The preceding issues affect tokenization on an intellectual level in that they involve decisions by the researcher that would arise with or without a computational environment. Machine-assisted tokenization, though, raises additional challenges, including the following: 

* **Word-internal punctuation** means that it cannot safely be assumed that a word is a continuous sequence of alphabetic characters, and that a punctuation character indicates the beginning of a new token. In addition to the ambiguities involving hyphenation and English negative contractions, consider:
    * **Lexical contraction.** The contraction of “Amsterdam” as “A’dam”, which is lexically specific.
    * **Punctuation before bound morphemes.** The English “-’s” possessive is different from English negative contractions in “-n’t”. The “-n’t” portion might be understood as a variant spelling of “not” (insofar as “doesn’t” may be replaced by “does not”, etc., without violating English language norms), but the “-’s” possessive particle does not have a free-standing lexical counterpart in modern English.
* **Superscription.** In some scribal practice, such as Church Slavonic manuscripts, it is common to write some letters as superscripts, and the base and superscript letters may belong to different words.
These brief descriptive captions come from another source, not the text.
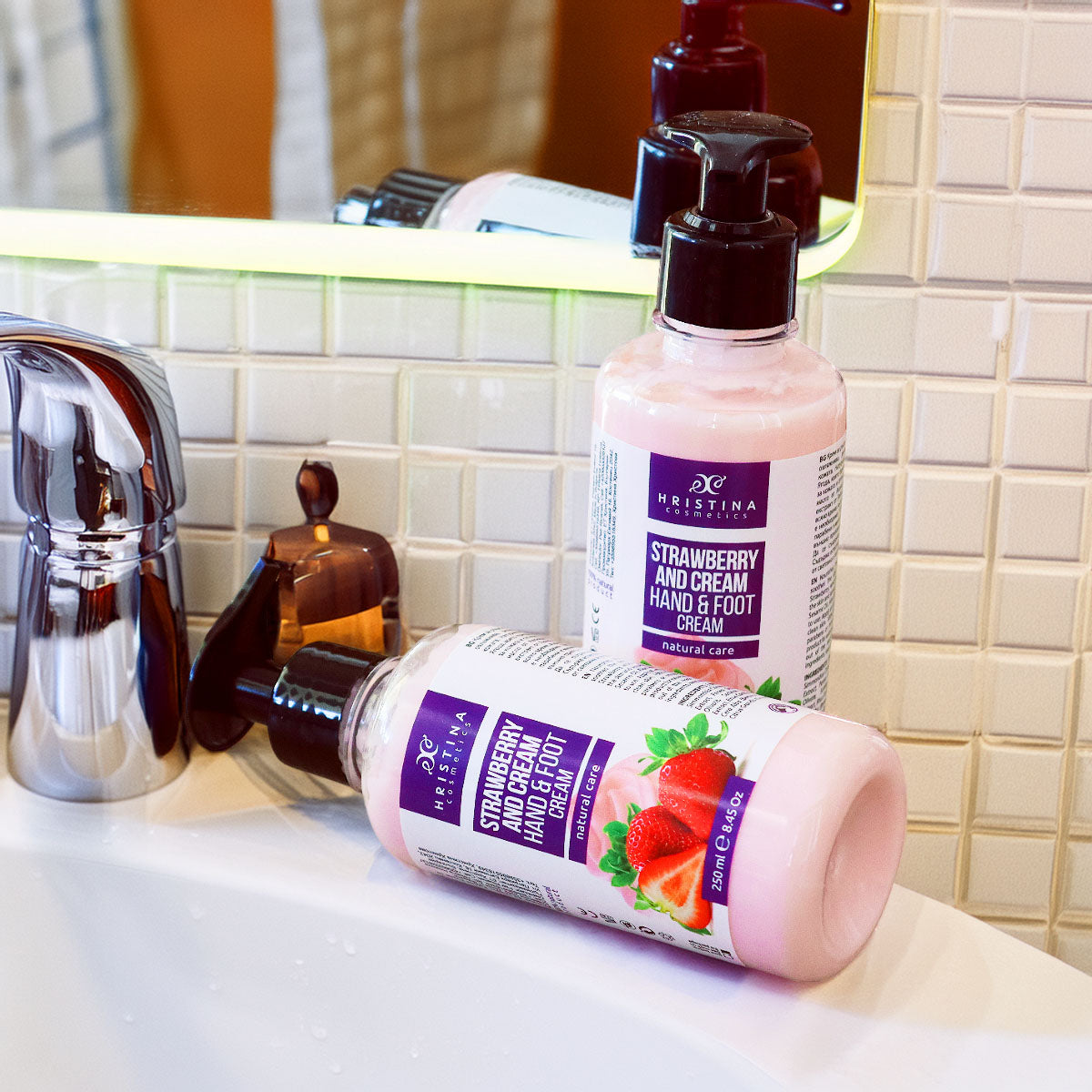 Hand and Foot Cream - Strawberry and Cream,  250ml
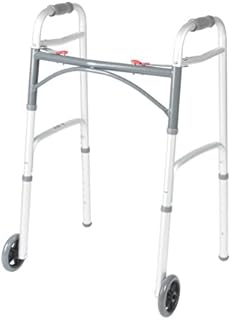 Drive Medical 10210-1 Deluxe 2-Button Folding Walker with Wheels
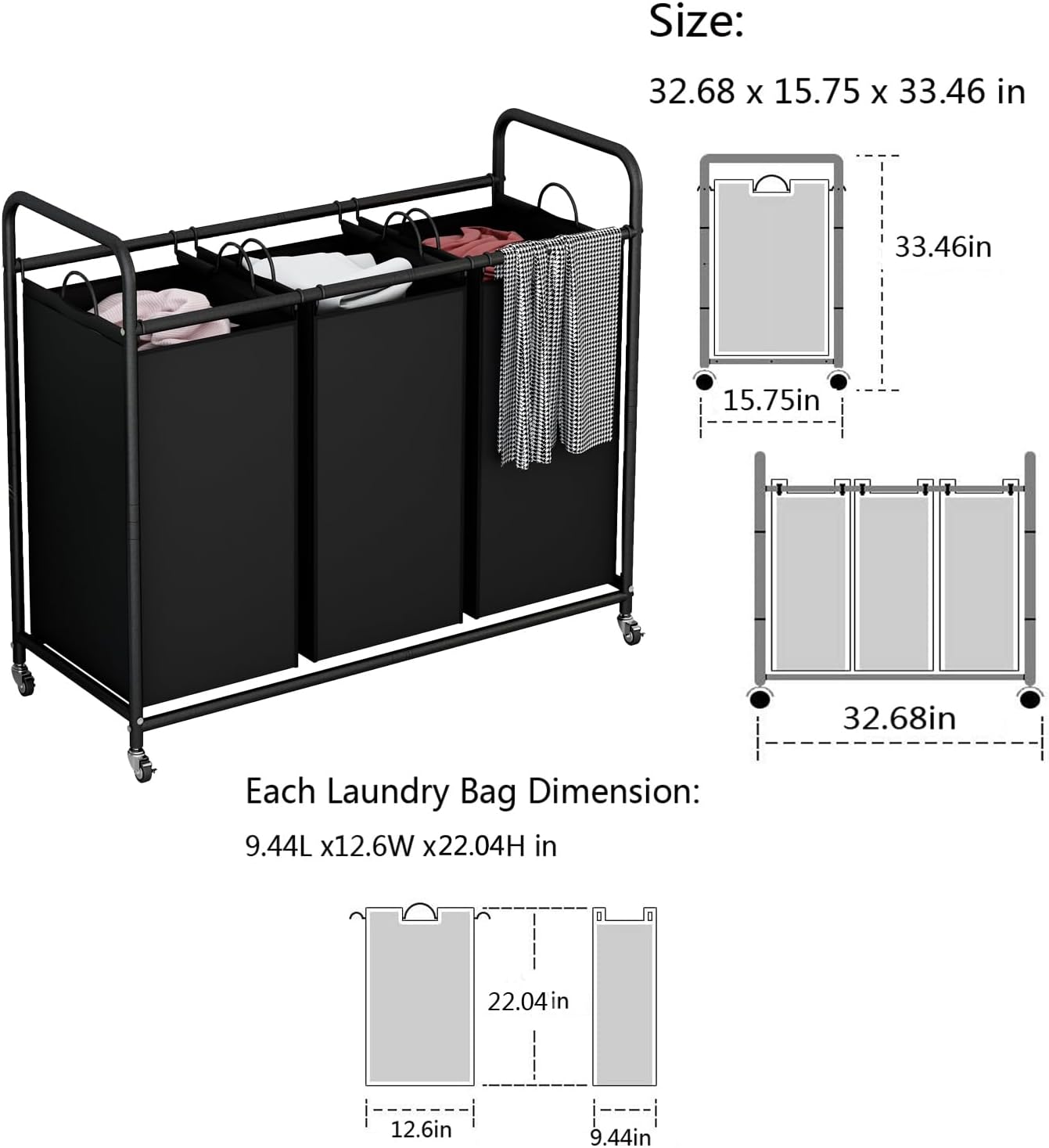LINZINAR 3-Bag Laundry Basket Hamper Laundry Sorter Cart laundry room organization with Heavy Duty Rolling Lockable Wheels and Removable Bags (Black)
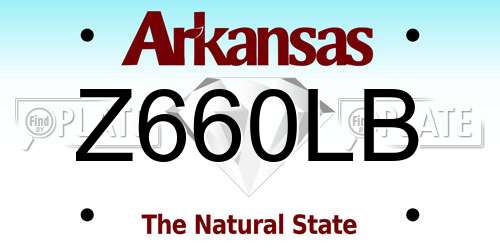 Z660LB Arkansas License Plate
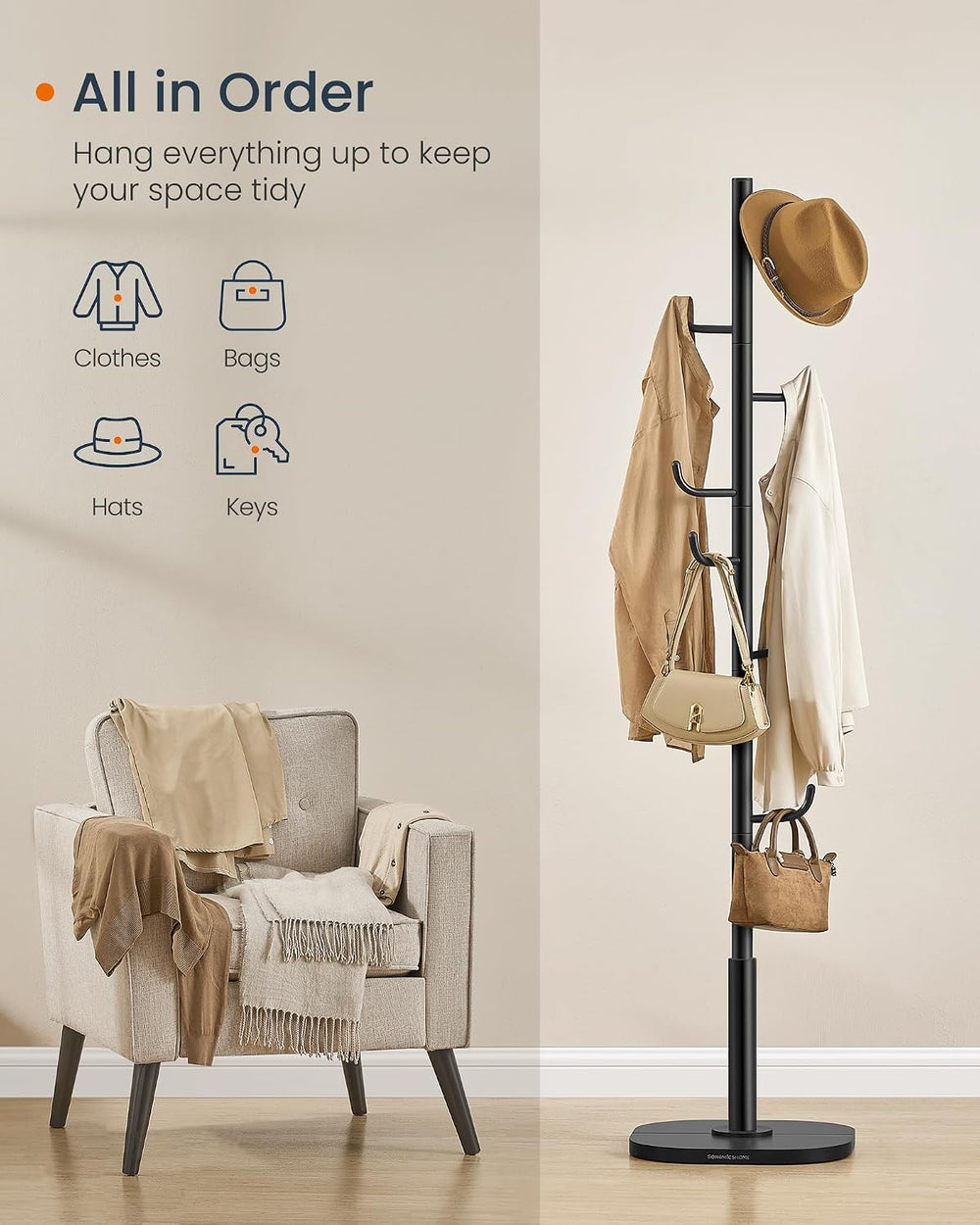 SONGMICS HOME Coat Rack, Cactus-Shaped, 8 Sturdy Hooks, 69 Inches Tall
For example, “ona že” (‘and she’) may be written as “ona<sup>ž</sup>”. The visual form that appears in the manuscript isn’t easily reproduced here in a web interface, but the superscript “ž” is not merely raised, but also centered over the “a” that ends the preceding word.
* **Markup**, such as XML, may be intermingled with textual content, and XML element tags may surround an entire word or part of a word, or they may begin inside one word and end inside another, which poses special challenges for tokenizating in a way that does not contradict XML well-formedness. Even where well-formedness is not an issue, researchers may differ in their preferences for taking markup into account when collating a set of witnesses.